Beliau termasuk deretan ulama yang menyeru kepada dakwah islam yang moderat dan menentang segala bentuk pemikiran yang liberal dan Radikal. Liberal dalam arti memahami islam dengan standar hawa nafsu dan murni logika yang cenderung mencari pembenaran yang tidak ilmiah. Radikal dalam arti memaknai islam dalam tataran tekstual yang menghilangkan fleksibilitas ajarannya. Sehingga terkesan kaku dan tidak mampu membaca realitas hidup.[1]
Nah setelah mengerti makna dari moderat kita mulai menilik pada ada tidaknya nilai – nilai moderat dalam pendidikan. Dalam konteks ini, Kementrian Agama sebagai lembaga formal milik pemerintahan telah berupaya untuk menanankam Islam moderat bagi Islam Indonesia. Menteri Agama, yang saait itu dipegang oleh Suryadharma Ali pernah menyatakan bahwa “Islam Indonesia moderat yang mengutamakan toleransi dan kebhinekaan” .[2]  
Disinilah perlunya penyemaian dan penguatan Islam moderat melalui jalur pendidikan, baik secara formal, informal dan nonformal, baik oleh pemerintah maupun lembaga swadaya masyarakat. Muhammadiyah dan NU yang sejak awal dicap sebagai pengusung Islam moderat , diharapkan memiliki andil besar bagi pemberdayaan Islam moderat di Indonesia. Sudah saatnya pendidikan islam moderat seperti NU dan Muhammadiyah yang bergaris moderat, untuk membimbing kelompok agama agar lebih mengedepankan kearifan, bukan teror, dan kekerasan dalam menyalurkan militansi keagamaan mereka[3]
Dalam bidang pendidikan ideologi yang berbeda antara NU dan Muhammadiyah merupakan sumber kekuasaan yang mengarahkan pendidikan. Pengarahan pada pendidikan ini dapat diwujudkan dalam tiga hal, yakni :
1.      Menentukan menentukan kebijakan dan tujuan pendidikan
2.      Penyampaian nilai – nilai yang tersembunyi
3.      Memformulasikan kurikulum
Ketiga aspek ini senantiasa dipengaruhi dan ditentukan bentuk dan formatnya oleh ideologi pendidikan yang dianut oleh suatu lembaga pendidikan.
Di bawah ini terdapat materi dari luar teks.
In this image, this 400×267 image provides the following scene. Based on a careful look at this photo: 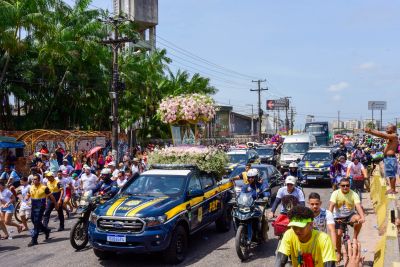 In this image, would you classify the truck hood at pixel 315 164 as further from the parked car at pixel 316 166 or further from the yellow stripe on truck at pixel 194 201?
the yellow stripe on truck at pixel 194 201

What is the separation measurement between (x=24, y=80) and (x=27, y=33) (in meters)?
3.84

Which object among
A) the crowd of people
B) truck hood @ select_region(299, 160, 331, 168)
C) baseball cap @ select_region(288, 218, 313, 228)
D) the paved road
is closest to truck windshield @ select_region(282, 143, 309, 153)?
truck hood @ select_region(299, 160, 331, 168)

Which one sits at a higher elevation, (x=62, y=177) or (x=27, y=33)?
(x=27, y=33)

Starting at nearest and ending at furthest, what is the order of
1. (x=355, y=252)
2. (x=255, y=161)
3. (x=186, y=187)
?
(x=355, y=252) → (x=186, y=187) → (x=255, y=161)

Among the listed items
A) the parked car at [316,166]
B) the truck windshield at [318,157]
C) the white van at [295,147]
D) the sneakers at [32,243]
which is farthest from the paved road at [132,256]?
the white van at [295,147]

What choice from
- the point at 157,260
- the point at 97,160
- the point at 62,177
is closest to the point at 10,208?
the point at 62,177

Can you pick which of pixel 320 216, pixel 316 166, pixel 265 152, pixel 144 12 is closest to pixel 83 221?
pixel 320 216

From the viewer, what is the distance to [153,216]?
26.8 ft

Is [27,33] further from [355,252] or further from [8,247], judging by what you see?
[355,252]

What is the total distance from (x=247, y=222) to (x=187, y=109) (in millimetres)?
7710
Pengaplikasian dalam pendidikan islam NU dan Muhammadiyah adalah sesungguhnya dengan dasar yang sama yaitu Al-Quran dan Hadits, namun terdapat sedikit ideologi baru yang muncul antara keduanya, namun itu semua tidak menyebabkan keduanya bercerai berai, mereka harus tetap bisa hidup berdampingan. Maka dari itu keduanya disebut pendidikan islam moderat yang mengedepankan jalan tengah seperti pada surah Al-Baqarah : 143 yang menyebut umat islam sebagai Ummah Wasata yang dimaknai oleh Muchlis M. Hanafi  bahwa al-wasat  sebagai metode berpikir, berinteraksi dan berperilaku secara seimbang dalam menyikapi 2 keadaan, sehingga ditemukan sikap yang sesuai dengan prinsip – prinsip Islam dan tradisi mayarakat, yaitu seimbang dalam akidah, ibadah dan akhlak.[4]
Sudah tergambar jelas bahawa pendidikan kita di Indonesia ini telah mengedepankan pendidikan islam moderat yang menyemaikan melalui model pluralis – multikultural. Wawasan pluralis – multikultural ini dianggap penting bagi pelajar karena dapat mengajarkan mengenai menghargai perbedan, menghormati secara tulus, komunikatif, terbuka, dan tidak saling curiga, selain itu meningkatkan iman dan taqwa. Bukan untuk mengajarkan anak didik untuk menjalankan agama seenaknya sendiri, tanpa tanggung jawab dan ketulusan, tetapi justru mengajarkan untuk taat beragama, tanpa menghilangkan identitas keagamaan masing – masing, wajah pendidikan pluralis – multikultural ini yaitu moderat dan ramah.
Dengan demikian, keberadaan pendidikan Islam moderat ini menjadi penting untuk konteks Indonesia, di tengah – tengah maraknya berbagai ideologi radikal yang masuk ke Indonesia melalui jaringan transnasional. Jokowi, selaku Presiden RI pun menegaskan bahwa Islam Indonesia adalah islam yang rukun dan selalu rukun berdampingan dengan agama lain, dan ini menimbulkan citra yang baik terhadap bangsa Indonesia yang plural, tetapi juga rahmatan lil al-‘alamin. “Perguruan tinggi Islam moderat yang betul sebuah universitas yang besar, yang nanti akan menjadi kiblat perguruan tinggi Islam” demikian tegas Joko Widodo[5]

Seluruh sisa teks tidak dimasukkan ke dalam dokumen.